[memprof] Introduce handleCallSite (NFC)#149724
Merged
kazutakahirata merged 1 commit intollvm:mainfrom Jul 21, 2025
Merged
Conversation
Continuing the effort to refactor readMemProf, this patch introduces handlCallSite to handle, well, call sites. Moving the code requires taking CallSiteEntry and CallSiteEntryHash out of readMemProf. We could simplify some code, but I'm keeping this patch very simple to facilitate the review process. For example, we could simplify the control flow near the end of readMemProf, but we can address that later.
Member
|
@llvm/pr-subscribers-llvm-transforms Author: Kazu Hirata (kazutakahirata) ChangesContinuing the effort to refactor readMemProf, this patch introduces Moving the code requires taking CallSiteEntry and CallSiteEntryHash We could simplify some code, but I'm keeping this patch very simple to Full diff: https://github.com/llvm/llvm-project/pull/149724.diff 1 Files Affected:
diff --git a/llvm/lib/Transforms/Instrumentation/MemProfUse.cpp b/llvm/lib/Transforms/Instrumentation/MemProfUse.cpp
index 2a8416d02ffba..6e57b99c3233f 100644
--- a/llvm/lib/Transforms/Instrumentation/MemProfUse.cpp
+++ b/llvm/lib/Transforms/Instrumentation/MemProfUse.cpp
@@ -429,6 +429,63 @@ handleAllocSite(Instruction &I, CallBase *CI,
}
}
+// Helper struct for maintaining refs to callsite data. As an alternative we
+// could store a pointer to the CallSiteInfo struct but we also need the frame
+// index.
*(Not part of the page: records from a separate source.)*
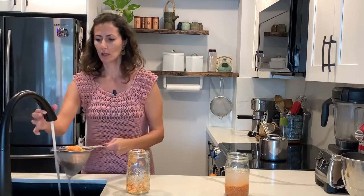Once you're ready to make your hummus, you're going to drain the water and then rinse just until the water comes out a little bit clear. You don't need to rinse too much.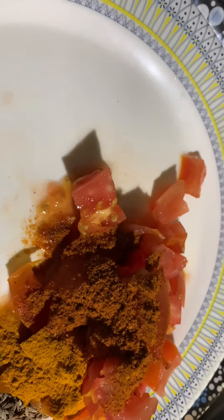We will fry it with tomatoes. We will keep it for a little while.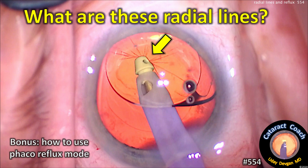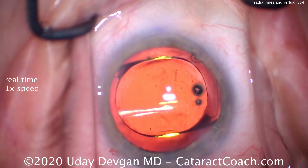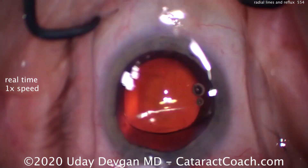cataractcoach.com — what are these radial lines, and bonus: how to use phaco reflux mode. Look at this routine case: everything went normally, nice capsulorrhexis, nucleus came out easily, cortex all cleaned up. The IOL is now placed in the capsular bag and we're going to use the IA probe to go under the IOL to remove viscoelastic.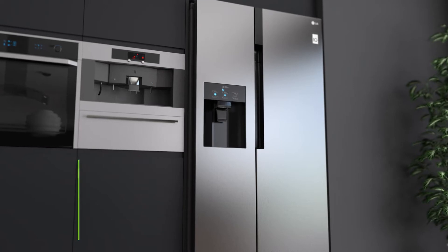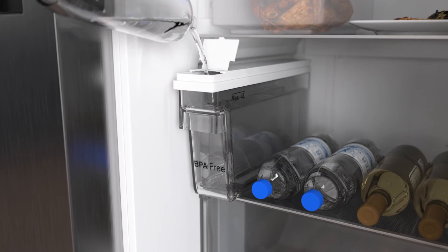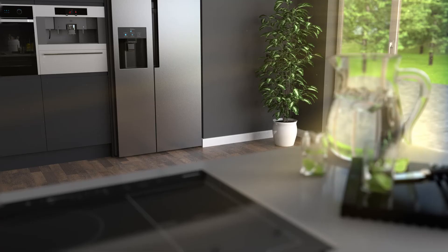The water and ice dispenser gives you chilled water and cubed or crushed ice on tap. It's a non-plumbed model, which means the water is stored in a tank within the door. Because it's topped up manually, there's no need for any extra plumbing. So you can easily help yourself to fresh cold water and ice without worrying about water pipes.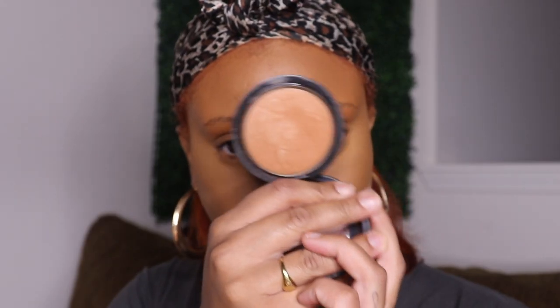I'll put the colors in the description box below. This is Deepest Dark from MAC Cosmetics, the Mineralized Skin Finish — I love this to bronze up my skin. I'm also using that to contour my nose and bring it up into my crease and my brow bone.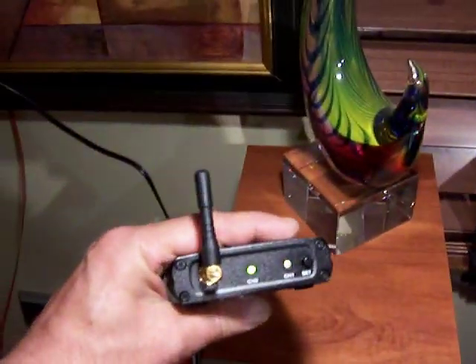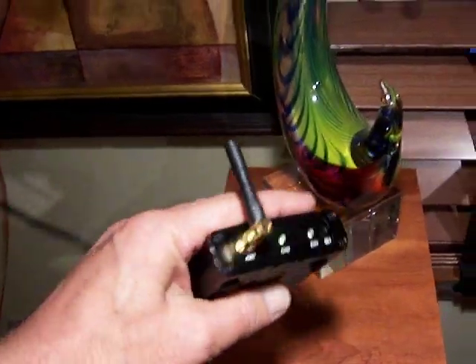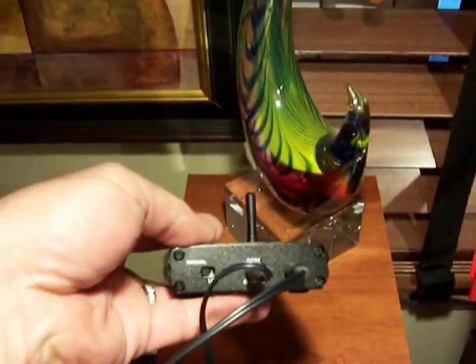The receiver fortunately has two channels, and I can select between them or have it automatically switch back and forth between the two channels. Since we have two cameras, that's rather convenient.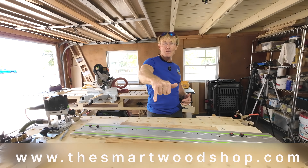So if you want to find out more about it, let me know down below. Mahalo for hanging out with me in the Smart Woodshop.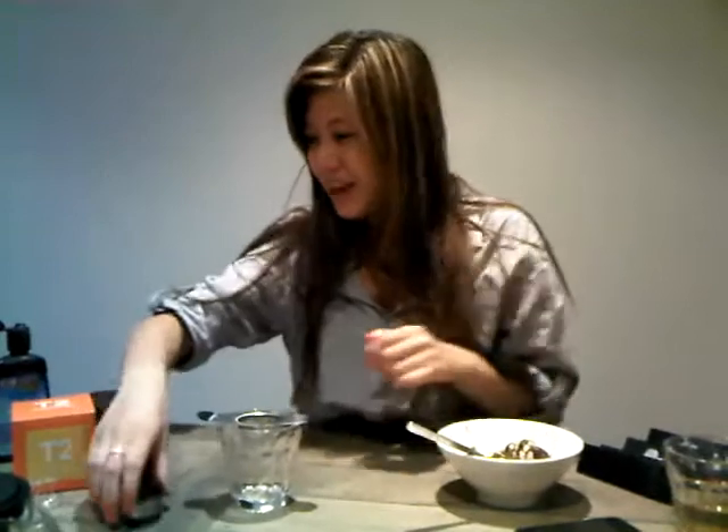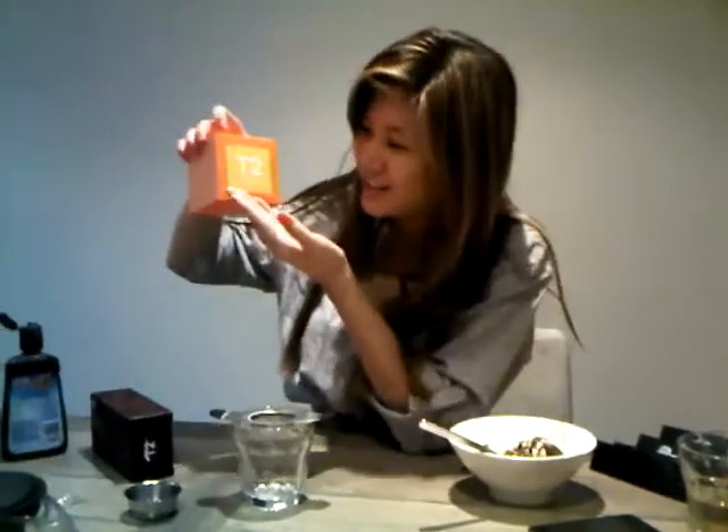First of all, do you get the cup? We've got the strainer. The dish. And then we've got some tea too — just ginger.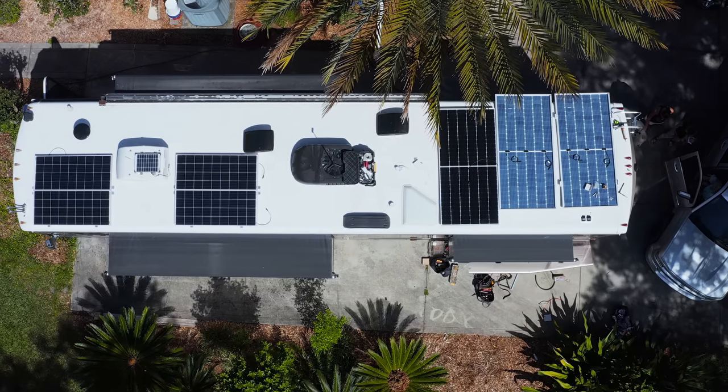Welcome to our home on wheels, a 2004 Fleetwood Discovery 39J motorhome.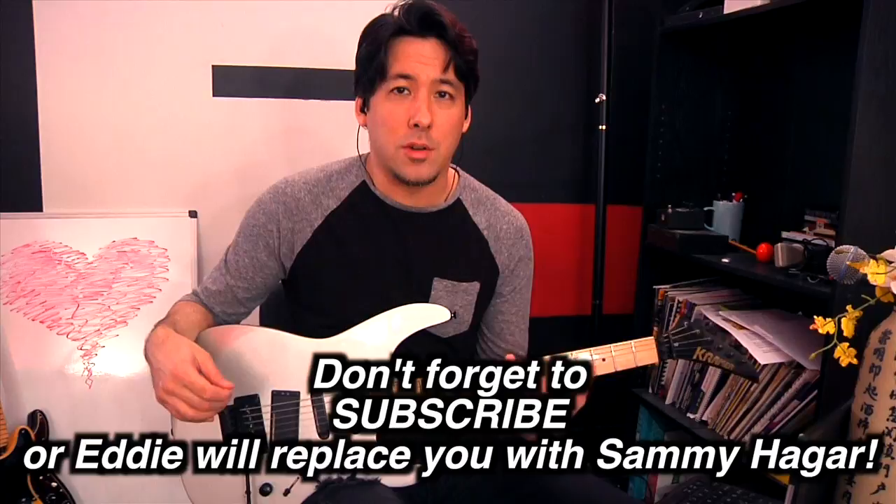Hey everybody, it's Mike here from the Art of Guitar. Today we're going to pay tribute to Eddie Van Halen, one of my biggest influences growing up. I remember when I was a kid my dad had the 8-track and I was listening to Eruption and I couldn't believe that was a guitar. That sparked interest in me that eventually evolved into me wanting to play guitar. I didn't know how he was doing all that crazy stuff, so I bought one of his books and went crazy from there.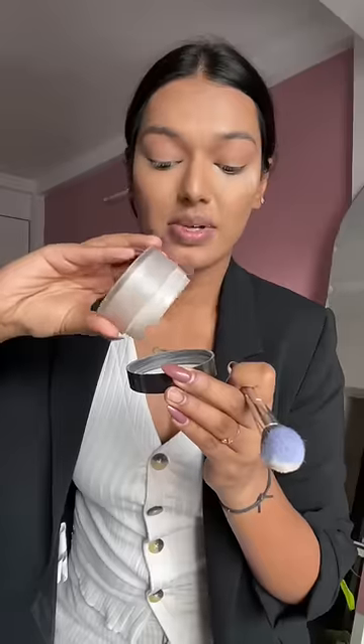Tried and trusted, the Maybelline Fit Me foundation never fails. Wow, these brushes are so soft. Applying my concealer in all these areas — her face is very well defined and that's what I'm going to try to achieve. Laura Mercier's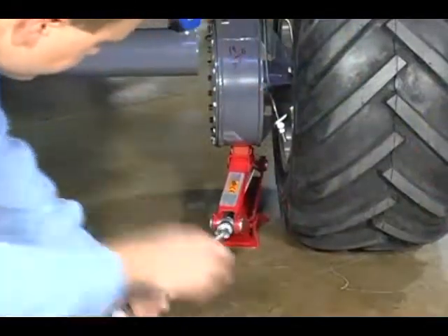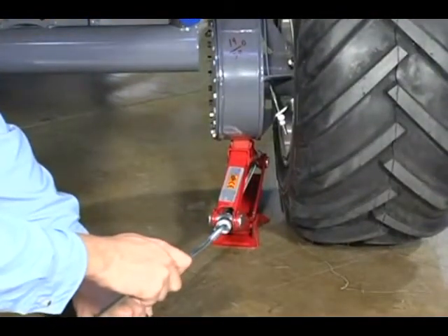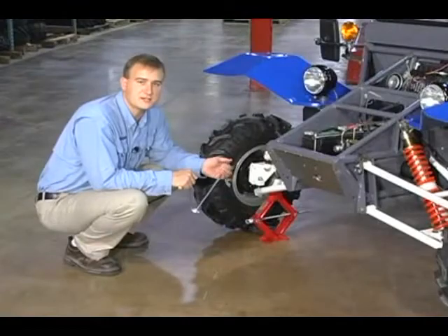If you get a rear flat, put the jack underneath the final drive. The same principle applies — making sure that no part of your body is underneath the vehicle at any time.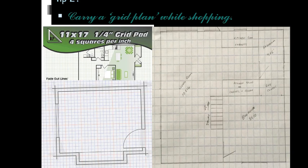Tip number two: carry a grid plan while shopping. When you visit any shop to buy furniture, or if you want to buy furniture online, make sure that the measurement plan is always handy so that you can mark out the furniture on the grid line and get a sense of the free space you would be getting after placing the furniture.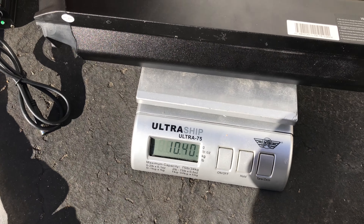Let's take a look at it. The case feels really solid. This is a 48 volt 21 amp hour battery.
Using ArrayRefs instead makes it a little easier to read.
+struct CallSiteEntry {
+ // Subset of frames for the corresponding CallSiteInfo.
+ ArrayRef<Frame> Frames;
+ // Potential targets for indirect calls.
+ ArrayRef<GlobalValue::GUID> CalleeGuids;
+
+ // Only compare Frame contents.
+ // Use pointer-based equality instead of ArrayRef's operator== which does
+ // element-wise comparison. We want to check if it's the same slice of the
+ // underlying array, not just equivalent content.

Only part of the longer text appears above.